Of course we eventually got all three, so it was no disaster, but we drove away from that magic, moment treasured by us all. That special golden event in birding when your gaze suddenly falls upon a special, unexpected treasure. That rare bird that will soon draw crowds; that will cause people to drive through a snowy night to see… that bird is your bird. You found it.
“It was a strange year in many ways. The rarities were inexplicable surprises. One Ivory Gull wasn’t enough. There were two Ivory Gulls. There were two MacGillivray’s Warblers, there were two, maybe three Painted Buntings. There were fourteen Ross’s Geese, maybe more, and eight or nine Cackling Geese. A pair of Monk Parakeet’s made a brief and tantalizing appearance after fourteen year’s absence. What’s going on here? What a strange and wonderful year it has been.
“There are other memories and impressions that push to the front of my mind when I review the past twelve months on this last night of 2009. To me this was the year of Solitary Vireo. I saw them early and late and consistently. I can’t remember a year with so many Solitary Vireo’s. I don’t what it is about this bird but it stirs a special feeling in me.
“I can still picture the Cape May Warbler in the budding tree at the edge of the S Curves on Plum Island. It was a gray and cloudy day; the Cape May was unusually deliberate, cooperative and generally oblivious to the chattering appreciative crowd that had gathered to pay homage and to agree that there are too few Cape May Warblers in this world.
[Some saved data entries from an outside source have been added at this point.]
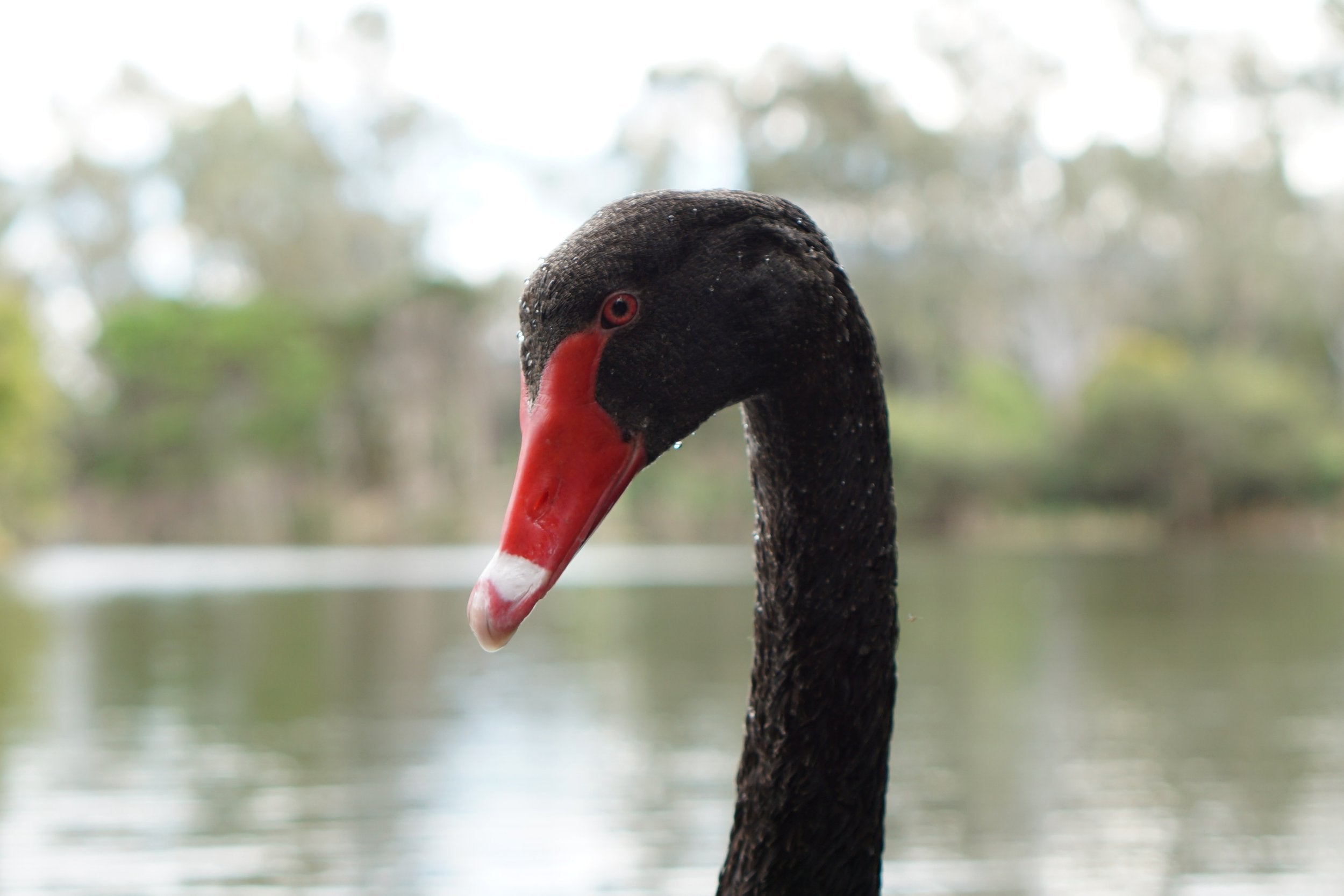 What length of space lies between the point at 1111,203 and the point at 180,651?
30.0 meters

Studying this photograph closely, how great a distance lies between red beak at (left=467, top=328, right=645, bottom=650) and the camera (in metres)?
1.31

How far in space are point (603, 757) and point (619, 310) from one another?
4406 mm

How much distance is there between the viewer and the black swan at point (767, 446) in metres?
1.43

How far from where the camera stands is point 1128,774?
17.2 feet

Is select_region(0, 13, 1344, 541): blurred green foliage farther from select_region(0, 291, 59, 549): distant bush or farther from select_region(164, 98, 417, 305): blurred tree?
select_region(0, 291, 59, 549): distant bush

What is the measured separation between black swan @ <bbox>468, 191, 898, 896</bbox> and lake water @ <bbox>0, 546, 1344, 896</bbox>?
1.17 ft

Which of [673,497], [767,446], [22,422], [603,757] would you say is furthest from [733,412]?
[767,446]

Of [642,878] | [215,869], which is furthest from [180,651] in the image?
[642,878]

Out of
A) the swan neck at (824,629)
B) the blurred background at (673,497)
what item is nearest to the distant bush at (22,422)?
the blurred background at (673,497)

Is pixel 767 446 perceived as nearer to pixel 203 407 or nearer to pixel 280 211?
pixel 203 407

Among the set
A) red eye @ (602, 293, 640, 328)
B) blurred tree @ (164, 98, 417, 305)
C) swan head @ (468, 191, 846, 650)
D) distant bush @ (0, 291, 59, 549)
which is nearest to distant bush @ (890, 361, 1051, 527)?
blurred tree @ (164, 98, 417, 305)

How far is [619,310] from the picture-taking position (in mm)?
1467

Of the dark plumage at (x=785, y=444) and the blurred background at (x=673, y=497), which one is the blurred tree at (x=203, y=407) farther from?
the dark plumage at (x=785, y=444)

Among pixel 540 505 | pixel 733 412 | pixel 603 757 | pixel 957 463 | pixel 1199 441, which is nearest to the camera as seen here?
pixel 540 505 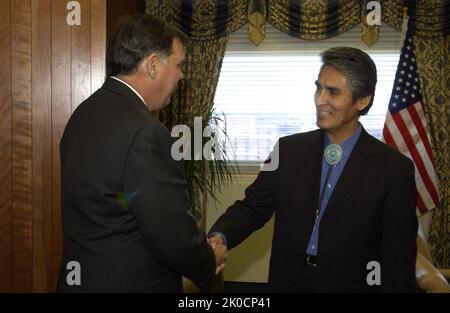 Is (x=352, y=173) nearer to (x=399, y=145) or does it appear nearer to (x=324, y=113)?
(x=324, y=113)

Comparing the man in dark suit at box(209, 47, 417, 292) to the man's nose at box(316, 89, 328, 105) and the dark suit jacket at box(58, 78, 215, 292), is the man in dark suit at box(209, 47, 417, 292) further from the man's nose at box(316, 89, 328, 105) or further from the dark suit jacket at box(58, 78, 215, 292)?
the dark suit jacket at box(58, 78, 215, 292)

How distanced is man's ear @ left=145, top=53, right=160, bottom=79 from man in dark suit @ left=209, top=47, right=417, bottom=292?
59cm

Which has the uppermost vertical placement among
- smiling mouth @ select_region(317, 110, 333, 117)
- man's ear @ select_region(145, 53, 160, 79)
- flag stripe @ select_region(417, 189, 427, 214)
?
man's ear @ select_region(145, 53, 160, 79)

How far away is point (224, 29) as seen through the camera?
15.7 feet

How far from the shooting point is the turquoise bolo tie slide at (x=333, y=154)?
1841 millimetres

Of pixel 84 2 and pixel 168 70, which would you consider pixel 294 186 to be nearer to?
pixel 168 70

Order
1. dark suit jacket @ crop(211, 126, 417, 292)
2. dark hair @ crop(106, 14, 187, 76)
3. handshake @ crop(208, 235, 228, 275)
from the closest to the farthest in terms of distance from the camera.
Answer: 1. dark hair @ crop(106, 14, 187, 76)
2. dark suit jacket @ crop(211, 126, 417, 292)
3. handshake @ crop(208, 235, 228, 275)

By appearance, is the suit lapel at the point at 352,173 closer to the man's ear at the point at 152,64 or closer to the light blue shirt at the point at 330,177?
the light blue shirt at the point at 330,177

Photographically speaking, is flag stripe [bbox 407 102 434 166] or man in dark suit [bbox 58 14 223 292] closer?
man in dark suit [bbox 58 14 223 292]

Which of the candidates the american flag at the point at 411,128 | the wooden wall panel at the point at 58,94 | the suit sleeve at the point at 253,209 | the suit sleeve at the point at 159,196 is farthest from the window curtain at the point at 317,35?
the suit sleeve at the point at 159,196

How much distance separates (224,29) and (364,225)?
134 inches

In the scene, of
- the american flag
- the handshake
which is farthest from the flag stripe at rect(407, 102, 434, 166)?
the handshake

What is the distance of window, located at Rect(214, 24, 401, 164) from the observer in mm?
4758
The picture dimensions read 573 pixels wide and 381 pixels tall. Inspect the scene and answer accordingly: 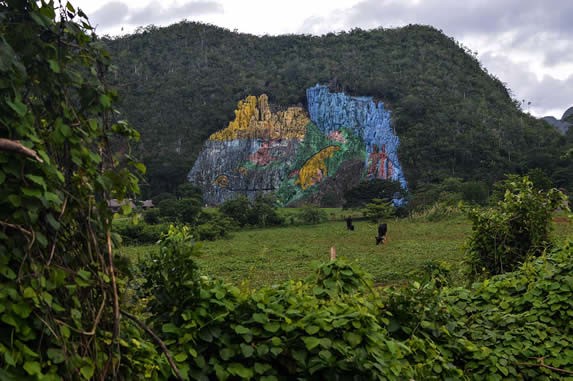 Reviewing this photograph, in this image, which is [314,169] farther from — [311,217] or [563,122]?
[563,122]

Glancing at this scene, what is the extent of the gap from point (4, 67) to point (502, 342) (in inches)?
127

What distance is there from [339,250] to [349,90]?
29.9 metres

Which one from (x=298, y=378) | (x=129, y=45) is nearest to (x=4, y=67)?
(x=298, y=378)

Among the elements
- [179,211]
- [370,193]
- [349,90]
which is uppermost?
[349,90]

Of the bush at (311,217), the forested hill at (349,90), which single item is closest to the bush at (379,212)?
the bush at (311,217)

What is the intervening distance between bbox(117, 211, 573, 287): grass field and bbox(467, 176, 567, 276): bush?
→ 95 centimetres

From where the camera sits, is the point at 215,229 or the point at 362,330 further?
the point at 215,229

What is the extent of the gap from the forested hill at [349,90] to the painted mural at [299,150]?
4.38 ft

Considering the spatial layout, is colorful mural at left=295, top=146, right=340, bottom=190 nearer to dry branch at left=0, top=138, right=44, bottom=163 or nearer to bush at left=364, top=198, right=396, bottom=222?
bush at left=364, top=198, right=396, bottom=222

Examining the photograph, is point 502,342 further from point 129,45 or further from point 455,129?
point 129,45

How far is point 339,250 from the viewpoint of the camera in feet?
50.0

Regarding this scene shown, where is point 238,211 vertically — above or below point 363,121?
below

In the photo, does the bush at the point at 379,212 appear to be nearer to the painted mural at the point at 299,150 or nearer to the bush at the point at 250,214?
the bush at the point at 250,214

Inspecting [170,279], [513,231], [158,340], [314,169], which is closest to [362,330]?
[170,279] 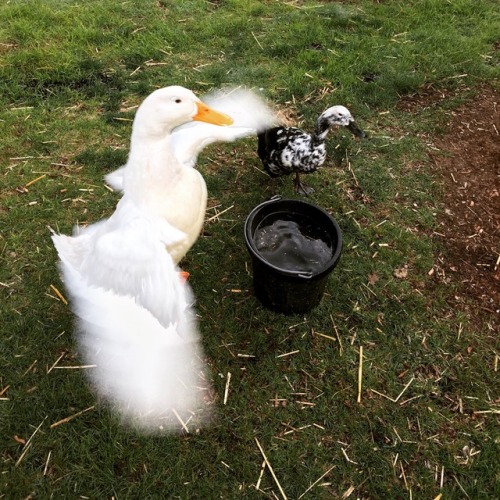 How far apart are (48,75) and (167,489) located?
3.84 m

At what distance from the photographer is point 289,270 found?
2.46 meters

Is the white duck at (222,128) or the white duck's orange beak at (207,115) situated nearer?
the white duck's orange beak at (207,115)

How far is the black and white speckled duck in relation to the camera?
320cm

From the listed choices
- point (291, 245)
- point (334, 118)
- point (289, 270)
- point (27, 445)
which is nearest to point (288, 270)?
point (289, 270)

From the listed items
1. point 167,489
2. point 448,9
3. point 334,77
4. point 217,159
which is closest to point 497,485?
point 167,489

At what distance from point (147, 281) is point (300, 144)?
1669 millimetres

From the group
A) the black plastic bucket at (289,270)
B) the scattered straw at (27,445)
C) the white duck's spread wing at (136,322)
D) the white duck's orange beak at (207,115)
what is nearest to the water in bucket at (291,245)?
the black plastic bucket at (289,270)

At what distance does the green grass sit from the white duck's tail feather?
3.1 inches

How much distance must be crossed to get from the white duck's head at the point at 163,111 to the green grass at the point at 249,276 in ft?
3.53

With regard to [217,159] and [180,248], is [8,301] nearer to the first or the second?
[180,248]

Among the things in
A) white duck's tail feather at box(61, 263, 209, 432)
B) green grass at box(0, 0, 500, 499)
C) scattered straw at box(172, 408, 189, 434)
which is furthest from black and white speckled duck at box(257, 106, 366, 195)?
scattered straw at box(172, 408, 189, 434)

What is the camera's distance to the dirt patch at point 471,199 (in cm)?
299

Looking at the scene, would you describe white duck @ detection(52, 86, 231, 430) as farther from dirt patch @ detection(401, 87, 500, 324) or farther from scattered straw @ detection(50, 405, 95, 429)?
dirt patch @ detection(401, 87, 500, 324)

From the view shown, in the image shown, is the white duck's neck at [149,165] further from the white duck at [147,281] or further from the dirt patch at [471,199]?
the dirt patch at [471,199] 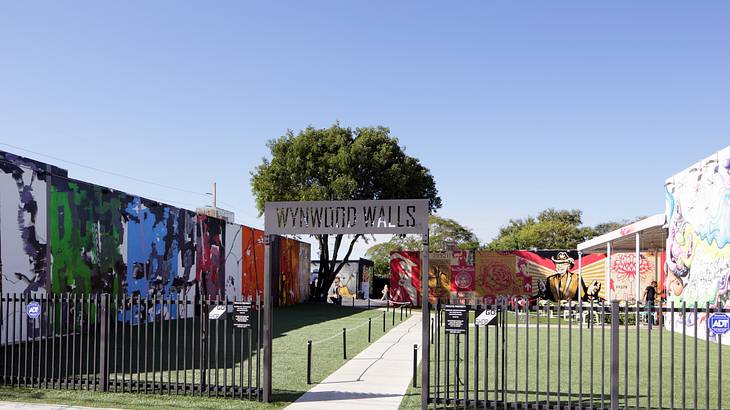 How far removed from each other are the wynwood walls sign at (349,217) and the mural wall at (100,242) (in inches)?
109

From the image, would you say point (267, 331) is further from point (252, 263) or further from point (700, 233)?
point (252, 263)

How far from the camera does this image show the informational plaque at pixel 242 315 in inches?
398

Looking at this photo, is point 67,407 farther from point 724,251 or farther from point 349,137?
point 349,137

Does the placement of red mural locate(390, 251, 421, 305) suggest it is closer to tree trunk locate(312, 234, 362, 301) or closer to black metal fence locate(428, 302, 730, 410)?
tree trunk locate(312, 234, 362, 301)

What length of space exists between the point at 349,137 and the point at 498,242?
3970 centimetres

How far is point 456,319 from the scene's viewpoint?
9.48 metres

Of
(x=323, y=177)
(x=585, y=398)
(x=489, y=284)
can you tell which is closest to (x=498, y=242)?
(x=489, y=284)

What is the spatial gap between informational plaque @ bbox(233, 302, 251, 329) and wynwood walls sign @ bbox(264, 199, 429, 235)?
115cm

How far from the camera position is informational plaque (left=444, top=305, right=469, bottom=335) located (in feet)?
30.9

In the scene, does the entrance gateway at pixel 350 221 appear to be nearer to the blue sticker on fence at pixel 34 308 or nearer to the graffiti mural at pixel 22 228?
the blue sticker on fence at pixel 34 308

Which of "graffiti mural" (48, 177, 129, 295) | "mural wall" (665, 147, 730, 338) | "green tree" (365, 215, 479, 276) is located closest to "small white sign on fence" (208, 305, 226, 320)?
"graffiti mural" (48, 177, 129, 295)

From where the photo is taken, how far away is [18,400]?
997 cm

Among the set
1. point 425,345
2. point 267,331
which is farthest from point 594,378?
point 267,331

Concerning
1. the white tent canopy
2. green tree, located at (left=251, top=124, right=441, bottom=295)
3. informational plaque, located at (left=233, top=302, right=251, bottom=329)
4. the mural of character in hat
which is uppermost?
green tree, located at (left=251, top=124, right=441, bottom=295) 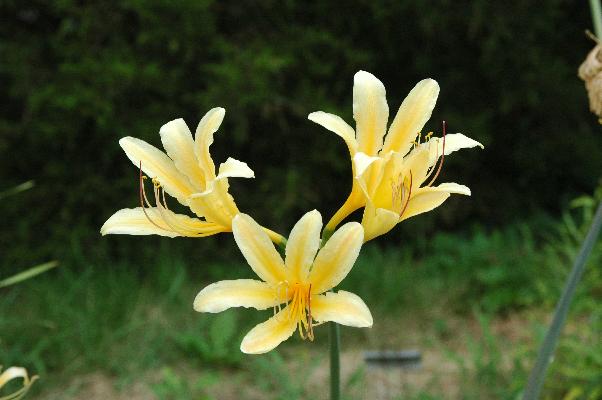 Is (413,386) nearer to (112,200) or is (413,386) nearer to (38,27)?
(112,200)

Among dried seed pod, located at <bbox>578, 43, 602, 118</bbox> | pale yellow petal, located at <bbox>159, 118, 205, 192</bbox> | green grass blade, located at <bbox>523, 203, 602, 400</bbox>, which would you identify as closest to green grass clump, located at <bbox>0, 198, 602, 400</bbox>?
green grass blade, located at <bbox>523, 203, 602, 400</bbox>

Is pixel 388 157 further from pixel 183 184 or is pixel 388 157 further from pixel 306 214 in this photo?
pixel 183 184

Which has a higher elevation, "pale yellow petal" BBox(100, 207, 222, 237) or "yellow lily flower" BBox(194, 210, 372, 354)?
"pale yellow petal" BBox(100, 207, 222, 237)

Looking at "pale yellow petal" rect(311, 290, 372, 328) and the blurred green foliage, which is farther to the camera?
the blurred green foliage

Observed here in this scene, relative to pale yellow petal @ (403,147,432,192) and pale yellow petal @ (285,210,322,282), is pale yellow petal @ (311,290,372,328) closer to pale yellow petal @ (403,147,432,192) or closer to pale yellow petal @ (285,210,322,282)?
pale yellow petal @ (285,210,322,282)

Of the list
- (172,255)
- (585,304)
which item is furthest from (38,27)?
(585,304)

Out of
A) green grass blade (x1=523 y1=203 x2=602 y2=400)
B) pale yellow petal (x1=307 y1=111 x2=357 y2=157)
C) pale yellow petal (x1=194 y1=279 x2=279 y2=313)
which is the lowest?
green grass blade (x1=523 y1=203 x2=602 y2=400)

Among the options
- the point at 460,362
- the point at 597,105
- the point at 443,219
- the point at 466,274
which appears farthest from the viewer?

“I have a special sharp recollection of an August day when I showed a California friend Plum Island at the height of the shore bird migration. Buff-breasted Sandpiper at Sandy point, Baird’s Sandpipers at two locations. We had all five Peep sandpipers that day along with the Buffy, a Sora, a few Knots and a Black-headed Gull. An Avocet in full fig at Pikul’s Pans, that perfect May fallout in April; A Fox Sparrow at the ground feed, a Carolina Wren in the snow. It stretches on and on.
“I’m sure when I finish this…there will be many more memories that will come forward. It is always thus. Every year has its special places and events and every year is glorious in the field. Still this was a rather peculiar year.”